The major has already experimented with same date radio and retail, most notably with the Gorillaz hit Stylo, Morning Parade's Under The Stars and Coldplay's Christmas Lights, but one source says he believes there is an internal debate taking place within EMI about on air/on sale, with senior management split on the idea about making it a permanent policy across the board with other key projects allowed to build from radio.

EMI Music UK and Ireland CEO Andria Vidler says, "We have a flexible approach to this issue. Together with our artists and their management we look at each release to determine the timing of radio and retail dates based on what's best for the artist with that particular release."

Similarly, Warner is believed to favor what a more nuanced approach to release date - treating every case on its own merits.

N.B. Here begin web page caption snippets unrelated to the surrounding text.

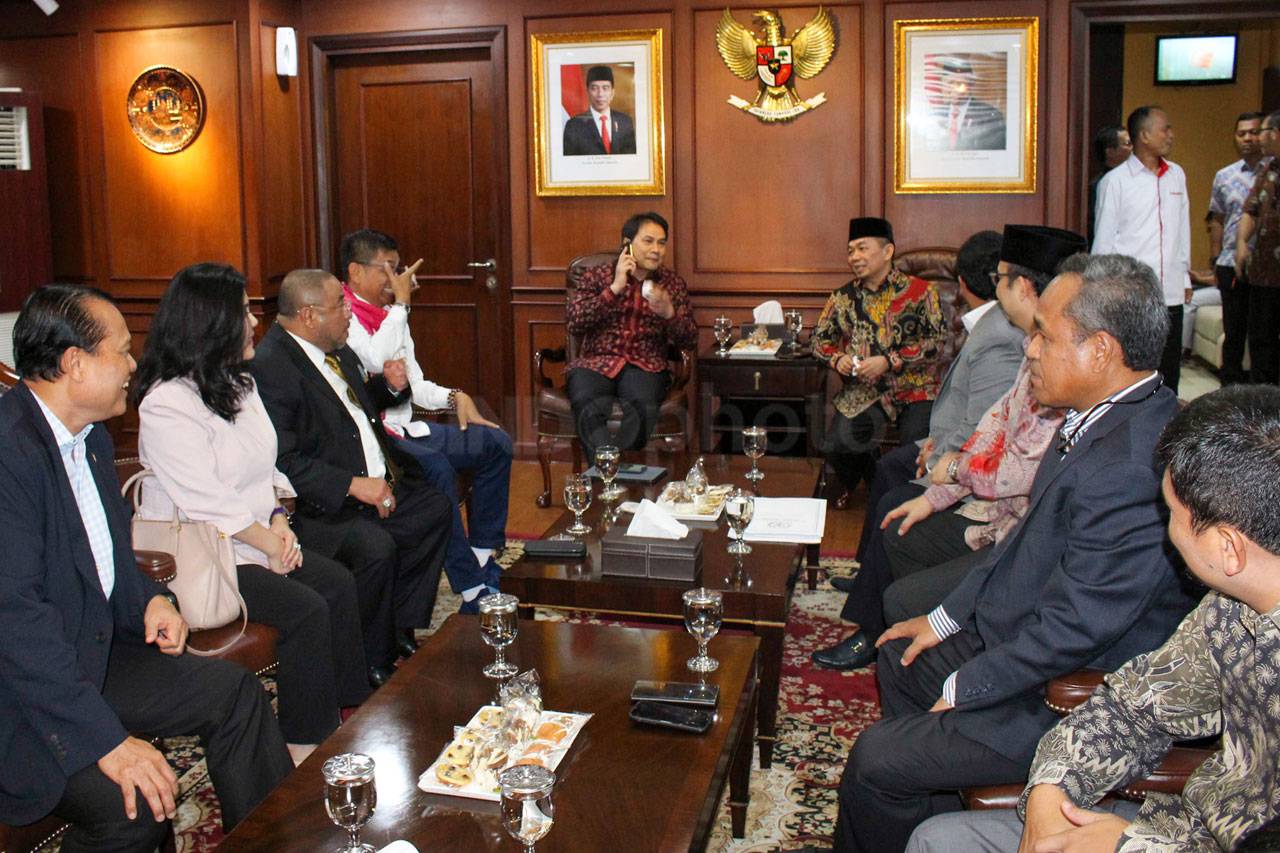 Demokrat dan PKS Serahkan...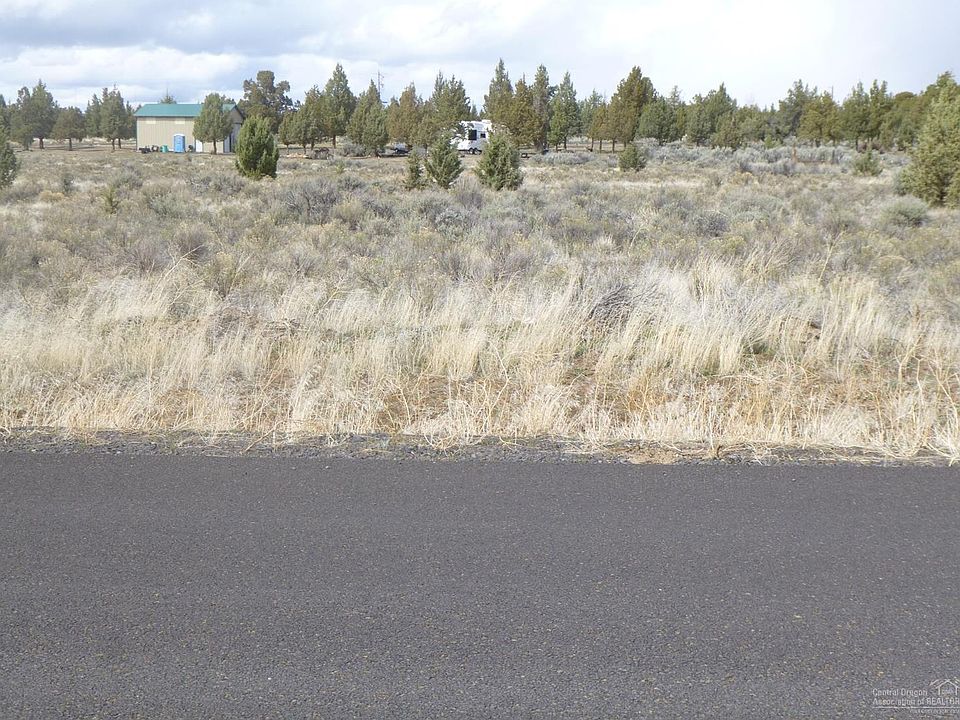 2nd image of 2823 SE Custer Rd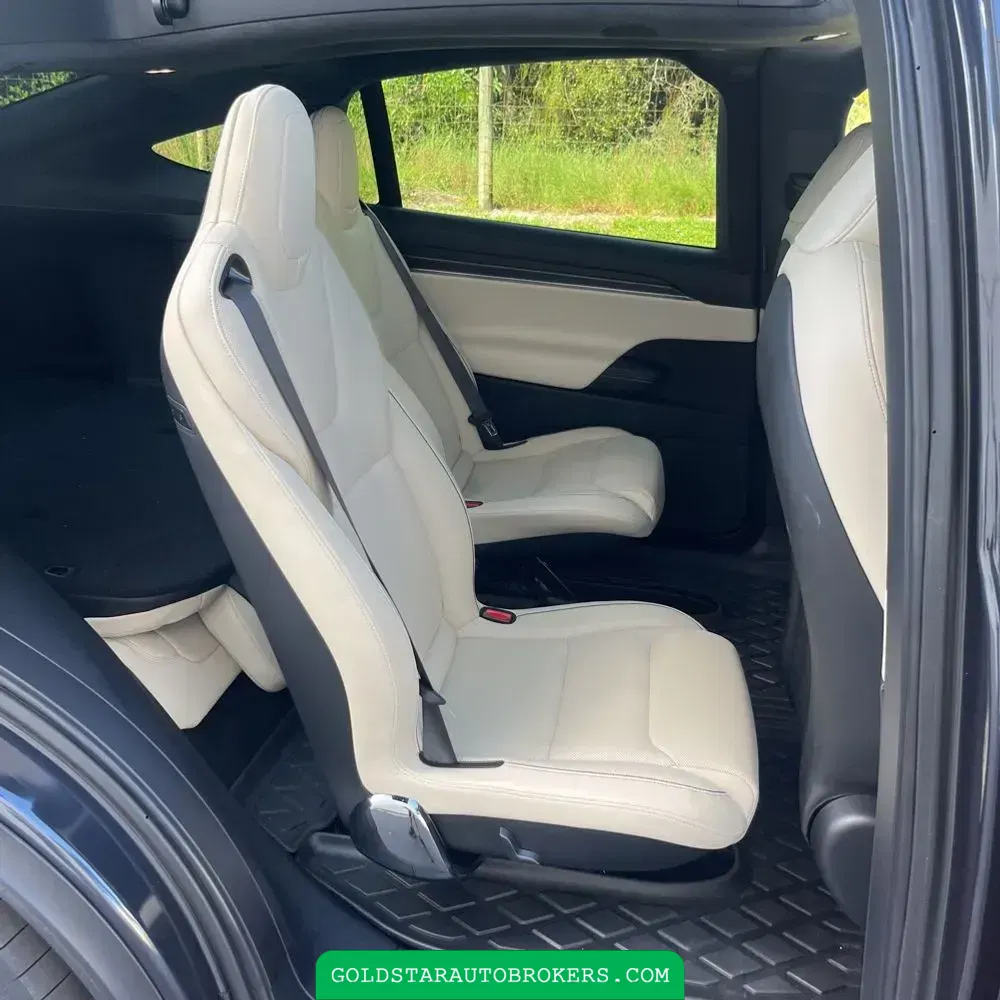 2024 Tesla Model X Plaid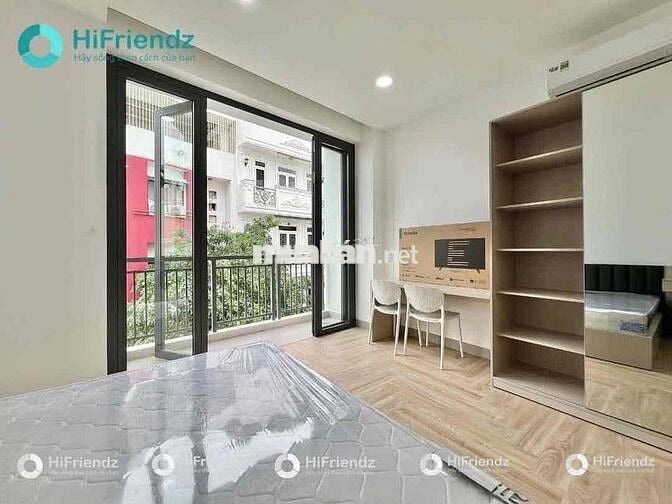 Cho thuê căn hộ Studio ban công cửa sổ ngay Ngã Tư Bảy Hiền - Khu K300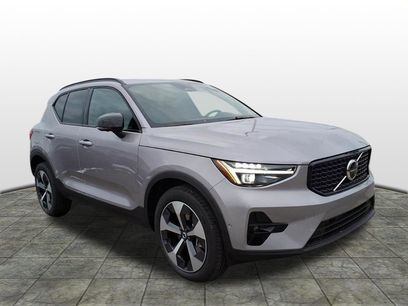 New 2026 Volvo XC40 B5 Plus w/ Protection Package Premier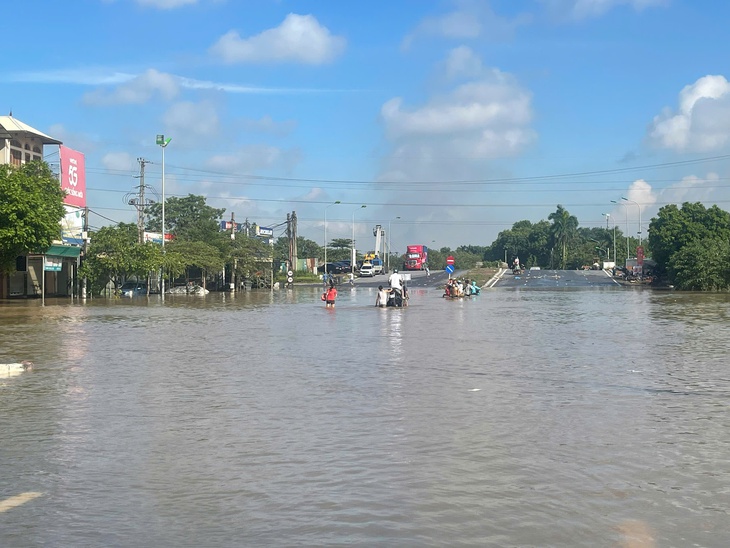 Nước rút chậm, Hà Nội 'loay hoay' giữa ngập úng và rác thải- Ảnh 2.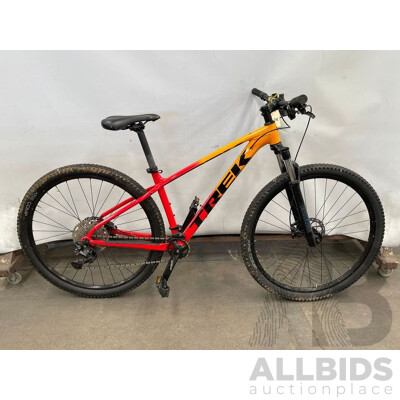 Trek Marlin 7 Men's Mountain Bike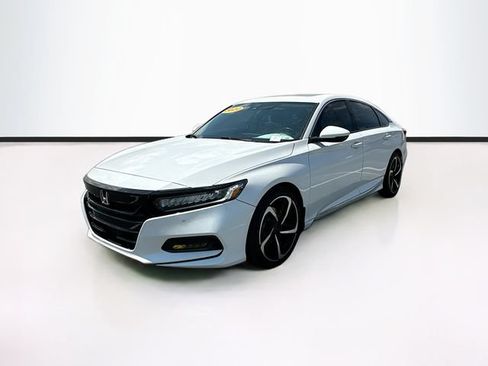 Used 2020 Honda Accord Touring image 6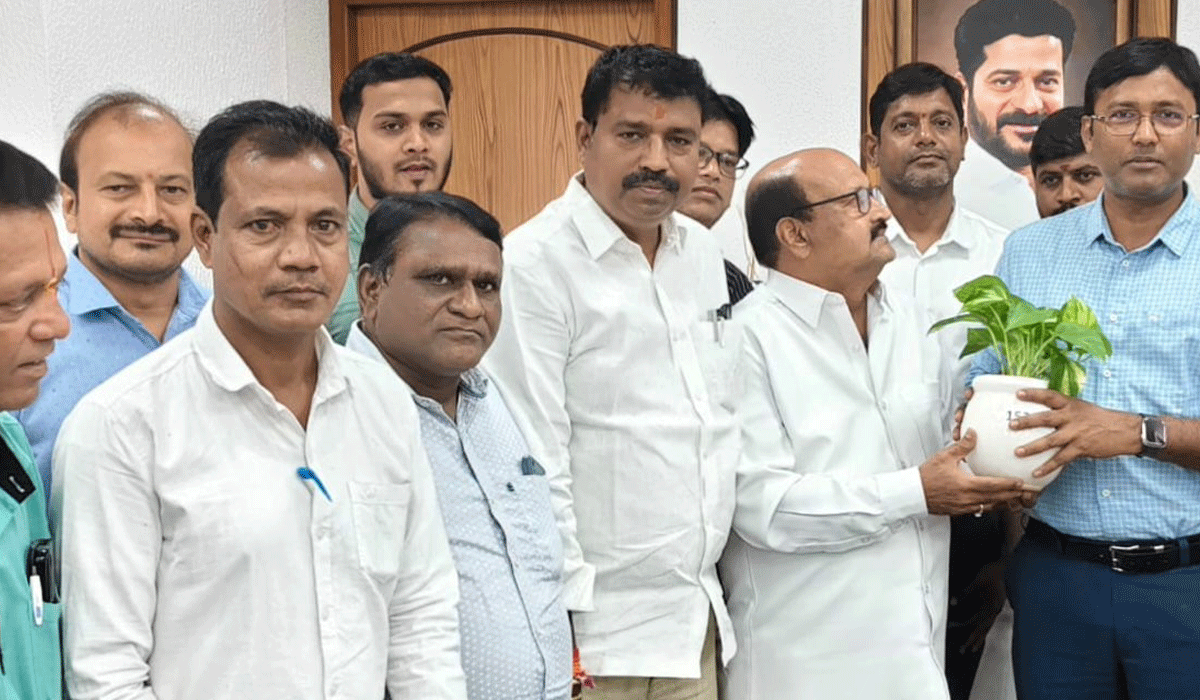 Genco CMD | జెన్కో సీఎండీ ని కలిసిన నాయకులు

Vaizey's comments come as the Government makes a huge portfolio shift to beef up the DCMS with much of the policy issues once under Business Secretary Vince Cable's domain. As part of the move all media, broadcasting, digital and telecoms work, which includes broadband policy, the DEA and Digital Radio Action Plan, will now be handled by Hunt. Vaizey, who previously split his role between BIS and DCMS, will now report to Hunt.

A music executive calls the shift, which follow Cable's politically ill-judged attack on Sky in a secretly recorded interview, a major "portfolio grab" by Hunt and his department. "DCMS was always the junior partner, but this gives it a bit more power," he says.

A DCMS spokeswoman concedes the move is "significant" for her department and says she expects a number of staff to begin moving from BIS to the DCMS offices near Trafalgar Square shortly.